1- Extend your scraper to include the base information for blog entries on all of the tagged pages. Your R data frame should include any necessary additional rows.
# Turning off warning as all warning are pertaining to R version 3.1.3
options(warn=-1)
# Loading necessary libraries
library(XML)
library(rvest)
##
## Attaching package: 'rvest'
##
## The following object is masked from 'package:XML':
##
## xml
library(stringr)
library(knitr)
1- In the reference blog entries on the first page, we are storing the title, date, and author in data frame. Then displaying the stored data using “kable” function from “knitr” package
url = 'http://www.r-bloggers.com/search/web%20scraping'
doc <- htmlParse(url)
url_post<- html_nodes(doc, xpath='//div[contains(@id,"post")]')
# length(url_post)
titles<- html_nodes(url_post,xpath='h2/a/text()')
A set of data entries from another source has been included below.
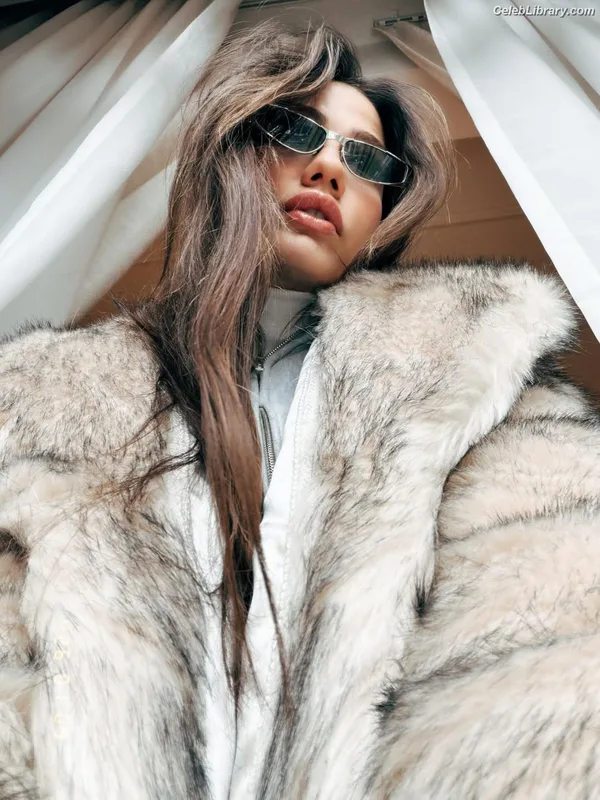 Demet Özdemir photo 24 of 326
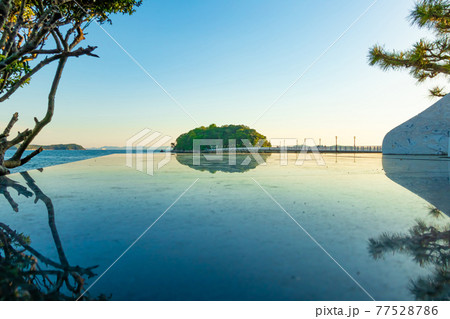 蒲郡のシンボル、竹島〈愛知県蒲郡市〉 蒲郡のシンボル、竹島〈愛知県蒲郡市〉 77528786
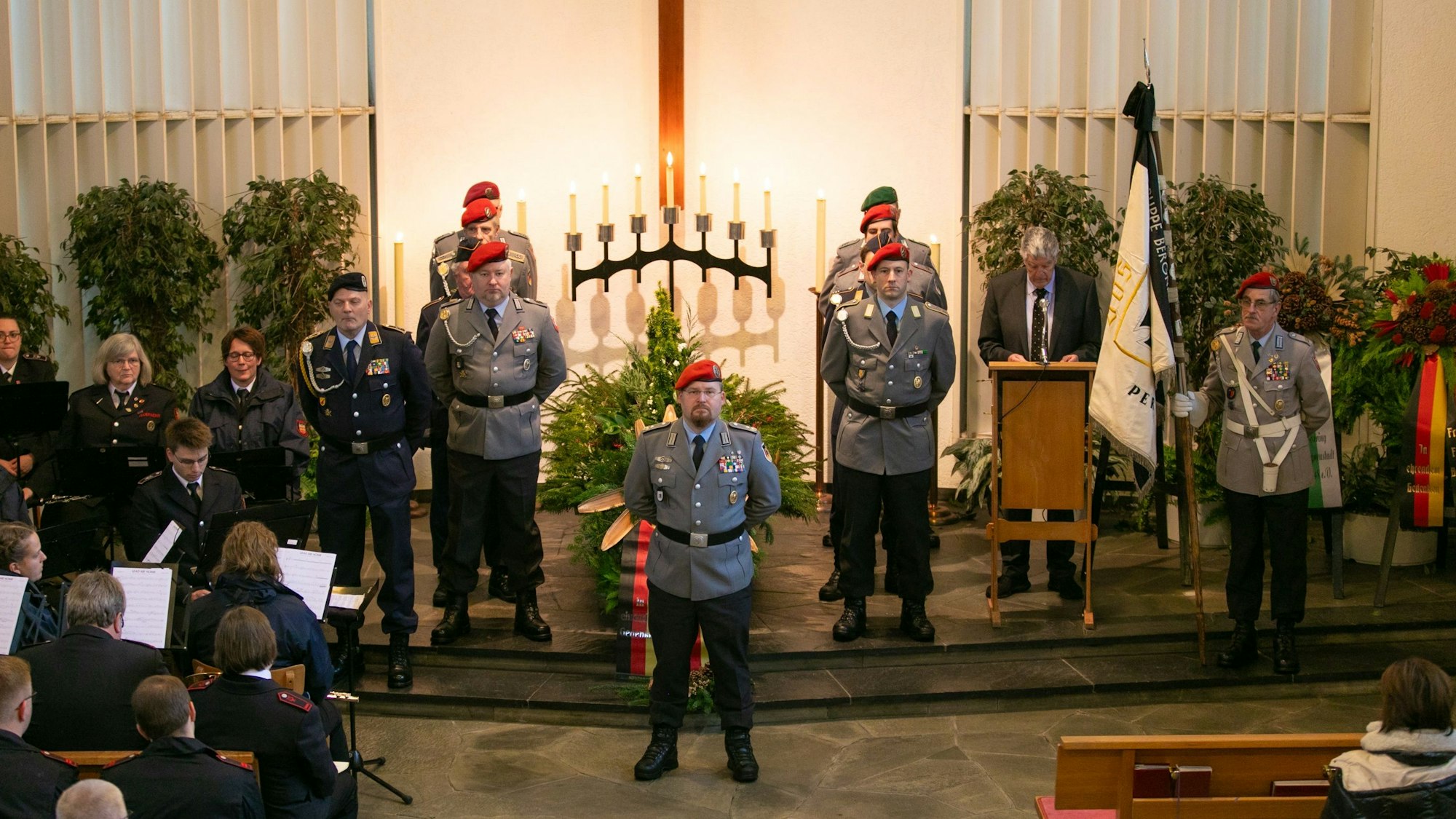 Blick in die Friedhofshalle.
dates <- html_nodes(url_post, xpath='div[1]/div')
authors<- html_nodes(url_post, xpath='div[1]/a')
titles<- sapply(titles,xmlValue)
dates<- sapply(dates,xmlValue)
authors<- sapply(authors,xmlValue)
out_df <- data.frame("Date" = str_trim(dates,side = "both"), "Title"= str_trim(titles,side = "both"),"Author"= str_trim(authors,side = "both"), "Page"= 1)
kable(out_df)
| Date | Title | Author | Page |
|---|---|---|---|
| November 24, 2014 | rvest: easy web scraping with R | hadleywickham | 1 |
| September 17, 2014 | Migrating Table-oriented Web Scraping Code to rvest w/XPath & CSS Selector Examples | Bob Rudis (@hrbrmstr) | 1 |
| March 12, 2014 | Web Scraping: working with APIs | Rolf Fredheim | 1 |
| March 5, 2014 | Web Scraping: Scaling up Digital Data Collection | Rolf Fredheim | 1 |
| February 25, 2014 | Web Scraping part2: Digging deeper | Rolf Fredheim | 1 |
| April 5, 2012 | A Little Web Scraping Exercise with XML-Package | Kay Cichini | 1 |
| January 6, 2012 | R: Web Scraping R-bloggers Facebook Page | Tony Breyal | 1 |
| December 27, 2011 | Web scraping with Python the dark side of data | axiomOfChoice | 1 |
| November 11, 2011 | Web Scraping Google+ via XPath | Tony Breyal | 1 |
| November 10, 2011 | Web Scraping Yahoo Search Page via XPath | Tony Breyal | 1 |
out_df <- data.frame("Date" = str_trim(dates,side = "both"), "Title"= str_trim(titles,side = "both"),"Author"= str_trim(authors,side = "both"), "Page"= 1)
## Finding the total number of pages and store in variable named "count"
pages<- html_nodes(url_post, xpath='//*[@id="leftcontent"]/div[11]/span[1]')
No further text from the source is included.